Around 1985, SAS and SPSS also released a version for personal computers. In the 1980s more players entered this market: STATA was developed from 1985 and JMP was developed from 1989. JMP was, from the very beginning, for Macintosh computers. As a consequence, JMP had a strong focus on visualization as well as graphics from its inception.

The rise of the statistical language R

The development of the third generation of statistical computing systems had started before the emergence of software like Genstat 4.03e or SAS 6.01. This development was led by John Chambers and his group in Bell Laboratories since the 1970s. The outcome of their work is the S language. It had been developed into a general purpose language with implementations for classical as well as modern statistical inferences. S language was freely available, and its audience was mainly sophisticated academic users.
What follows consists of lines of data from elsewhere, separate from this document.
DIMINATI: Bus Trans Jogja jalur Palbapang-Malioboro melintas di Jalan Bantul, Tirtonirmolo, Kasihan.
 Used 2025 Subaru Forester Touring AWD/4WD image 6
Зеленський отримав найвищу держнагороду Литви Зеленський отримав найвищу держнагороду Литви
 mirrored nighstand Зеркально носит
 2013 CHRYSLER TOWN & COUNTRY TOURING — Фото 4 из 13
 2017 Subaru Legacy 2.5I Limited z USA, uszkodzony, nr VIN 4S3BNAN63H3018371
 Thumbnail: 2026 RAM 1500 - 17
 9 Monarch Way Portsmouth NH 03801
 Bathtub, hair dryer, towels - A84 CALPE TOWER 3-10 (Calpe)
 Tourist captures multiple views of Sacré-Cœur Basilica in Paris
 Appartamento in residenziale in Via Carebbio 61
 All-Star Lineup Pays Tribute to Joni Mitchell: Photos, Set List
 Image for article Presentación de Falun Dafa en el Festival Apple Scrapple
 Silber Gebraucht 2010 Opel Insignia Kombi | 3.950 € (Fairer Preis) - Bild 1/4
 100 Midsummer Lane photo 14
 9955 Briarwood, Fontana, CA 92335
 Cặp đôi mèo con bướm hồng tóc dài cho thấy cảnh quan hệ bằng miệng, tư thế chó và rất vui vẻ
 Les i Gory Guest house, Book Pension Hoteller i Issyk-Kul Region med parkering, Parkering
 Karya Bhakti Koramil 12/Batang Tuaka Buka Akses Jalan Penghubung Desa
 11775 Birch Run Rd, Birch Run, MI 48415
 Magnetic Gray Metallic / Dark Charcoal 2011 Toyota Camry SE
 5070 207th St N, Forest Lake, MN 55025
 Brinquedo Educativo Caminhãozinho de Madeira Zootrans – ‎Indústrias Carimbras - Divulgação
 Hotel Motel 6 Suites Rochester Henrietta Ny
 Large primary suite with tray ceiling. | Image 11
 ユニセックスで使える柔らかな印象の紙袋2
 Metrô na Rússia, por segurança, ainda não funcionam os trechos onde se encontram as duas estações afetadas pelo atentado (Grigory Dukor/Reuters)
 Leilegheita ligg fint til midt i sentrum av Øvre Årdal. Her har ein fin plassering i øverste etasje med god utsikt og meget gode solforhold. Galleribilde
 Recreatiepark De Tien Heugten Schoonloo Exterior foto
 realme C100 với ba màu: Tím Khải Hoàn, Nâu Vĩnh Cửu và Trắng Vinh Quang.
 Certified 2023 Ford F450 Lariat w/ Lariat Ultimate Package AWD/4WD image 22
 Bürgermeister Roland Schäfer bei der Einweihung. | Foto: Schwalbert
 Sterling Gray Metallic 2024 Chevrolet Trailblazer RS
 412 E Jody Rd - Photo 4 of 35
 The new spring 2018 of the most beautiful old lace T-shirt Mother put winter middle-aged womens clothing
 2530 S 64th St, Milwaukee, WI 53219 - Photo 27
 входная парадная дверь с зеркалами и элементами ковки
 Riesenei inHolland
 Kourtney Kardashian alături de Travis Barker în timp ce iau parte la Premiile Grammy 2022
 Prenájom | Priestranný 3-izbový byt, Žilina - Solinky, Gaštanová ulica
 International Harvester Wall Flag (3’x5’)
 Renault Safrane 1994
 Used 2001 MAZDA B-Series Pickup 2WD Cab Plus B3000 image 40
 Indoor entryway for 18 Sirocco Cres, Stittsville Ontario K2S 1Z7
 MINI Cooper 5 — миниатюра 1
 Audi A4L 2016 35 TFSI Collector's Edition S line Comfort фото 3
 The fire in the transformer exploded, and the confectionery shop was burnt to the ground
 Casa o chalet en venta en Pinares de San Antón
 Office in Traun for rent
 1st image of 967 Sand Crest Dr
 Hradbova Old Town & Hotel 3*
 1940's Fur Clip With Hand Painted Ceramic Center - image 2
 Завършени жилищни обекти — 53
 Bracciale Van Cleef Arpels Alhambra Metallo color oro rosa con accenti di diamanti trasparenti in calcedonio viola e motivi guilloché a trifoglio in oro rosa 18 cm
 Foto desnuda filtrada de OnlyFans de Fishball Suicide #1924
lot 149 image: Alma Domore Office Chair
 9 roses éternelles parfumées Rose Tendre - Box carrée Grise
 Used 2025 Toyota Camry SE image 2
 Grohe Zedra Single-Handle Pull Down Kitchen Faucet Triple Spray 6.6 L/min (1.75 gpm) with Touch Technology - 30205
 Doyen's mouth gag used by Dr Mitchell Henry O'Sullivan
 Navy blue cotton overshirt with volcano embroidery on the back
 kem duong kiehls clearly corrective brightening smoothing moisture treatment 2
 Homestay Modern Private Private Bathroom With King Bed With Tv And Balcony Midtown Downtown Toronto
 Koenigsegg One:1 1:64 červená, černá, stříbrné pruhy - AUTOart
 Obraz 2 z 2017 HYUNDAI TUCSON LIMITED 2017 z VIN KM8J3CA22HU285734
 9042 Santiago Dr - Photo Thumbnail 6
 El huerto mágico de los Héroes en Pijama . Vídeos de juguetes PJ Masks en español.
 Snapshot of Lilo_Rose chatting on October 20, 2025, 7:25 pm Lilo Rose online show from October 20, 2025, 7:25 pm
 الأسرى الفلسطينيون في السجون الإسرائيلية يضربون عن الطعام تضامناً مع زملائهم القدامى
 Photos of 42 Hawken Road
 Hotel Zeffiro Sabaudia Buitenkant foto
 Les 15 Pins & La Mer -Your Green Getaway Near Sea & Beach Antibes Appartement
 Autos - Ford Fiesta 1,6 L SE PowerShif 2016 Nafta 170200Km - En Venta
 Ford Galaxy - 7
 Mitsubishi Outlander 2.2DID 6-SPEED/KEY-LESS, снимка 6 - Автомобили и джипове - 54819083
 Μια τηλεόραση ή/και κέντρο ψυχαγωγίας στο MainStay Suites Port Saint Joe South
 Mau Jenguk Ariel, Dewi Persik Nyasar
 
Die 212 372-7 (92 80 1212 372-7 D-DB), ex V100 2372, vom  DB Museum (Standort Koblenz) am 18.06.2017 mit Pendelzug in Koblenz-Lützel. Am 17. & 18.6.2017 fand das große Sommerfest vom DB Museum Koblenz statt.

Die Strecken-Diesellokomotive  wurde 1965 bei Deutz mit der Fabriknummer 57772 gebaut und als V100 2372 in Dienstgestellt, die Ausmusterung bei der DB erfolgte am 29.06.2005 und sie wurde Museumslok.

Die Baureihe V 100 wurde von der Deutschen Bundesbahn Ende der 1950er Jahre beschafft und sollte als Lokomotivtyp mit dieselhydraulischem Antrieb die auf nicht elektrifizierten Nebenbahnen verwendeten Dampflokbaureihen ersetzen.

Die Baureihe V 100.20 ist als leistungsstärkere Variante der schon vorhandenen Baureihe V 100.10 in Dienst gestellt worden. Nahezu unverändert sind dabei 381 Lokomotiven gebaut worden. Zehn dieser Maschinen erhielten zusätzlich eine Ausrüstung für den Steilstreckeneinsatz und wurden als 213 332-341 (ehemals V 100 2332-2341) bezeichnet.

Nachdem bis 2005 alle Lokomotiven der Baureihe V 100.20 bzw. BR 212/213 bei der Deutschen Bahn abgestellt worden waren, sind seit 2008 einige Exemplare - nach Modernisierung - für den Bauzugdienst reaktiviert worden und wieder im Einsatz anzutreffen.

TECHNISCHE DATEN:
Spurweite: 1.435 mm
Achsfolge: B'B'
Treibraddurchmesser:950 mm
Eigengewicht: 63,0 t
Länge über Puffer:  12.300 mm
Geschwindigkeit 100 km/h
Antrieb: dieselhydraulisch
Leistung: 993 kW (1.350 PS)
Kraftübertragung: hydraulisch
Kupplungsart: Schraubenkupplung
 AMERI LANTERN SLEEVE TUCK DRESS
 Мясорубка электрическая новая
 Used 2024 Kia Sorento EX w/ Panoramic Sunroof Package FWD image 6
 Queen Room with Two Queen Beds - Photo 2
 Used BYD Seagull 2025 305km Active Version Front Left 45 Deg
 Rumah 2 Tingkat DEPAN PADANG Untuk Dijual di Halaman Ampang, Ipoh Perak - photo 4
After the acquisition of S language by the Insightful Corporation and rebranding as S-PLUS, this leading third generation statistical software package was widely used in both theoretical and practical statistics in the 1990s, especially before the release of a stable beta version of the free and open-source software R in the year 2000. R was developed by Ross Ihaka and Robert Gentleman at the University of Auckland, New Zealand, and is currently widely used by statisticians in academia and industry, together with statistical software developers, data miners and data analysts.

Software like Genstat, SAS, SPSS and many other packages had to deal with the challenge from R. Each of these long-standing software packages developed an R interface R or even R interpreters to anticipate the change of user behaviour and ever-increasing adoption of the R computing environment. For example, SAS and SPSS have some R plug-ins to talk to each other. VSNi’s ASReml-R software was developed for ASReml users who want to run mixed model analysis within the R environment, and at the present time there are more ASReml-R users than ASReml standalone users. Users who need reliable and robust mixed effects model fitting adopted ASReml-R as an alternative to other mixed model R packages due to its superior performance and simplified syntax. For Genstat users, msanova was also developed as an R package to provide traditional ANOVA users an R interface to run their analysis.

What’s next?

We have no clear idea about what will represent the fourth generation of statistical software. R, as an open-source software and a platform for prototyping and teaching has the potential to help this change in statistical innovation. An example is the R Shiny package, where web applications can be easily developed to provide statistical computing as online services. But all open-source and commercial software has to face the same challenges of providing fast, reliable and robust statistical analyses that allow for reproducibility of research and, most importantly, use sound and correct statistical inference and theory, something that Ronald Fisher will have expected from his computing machine!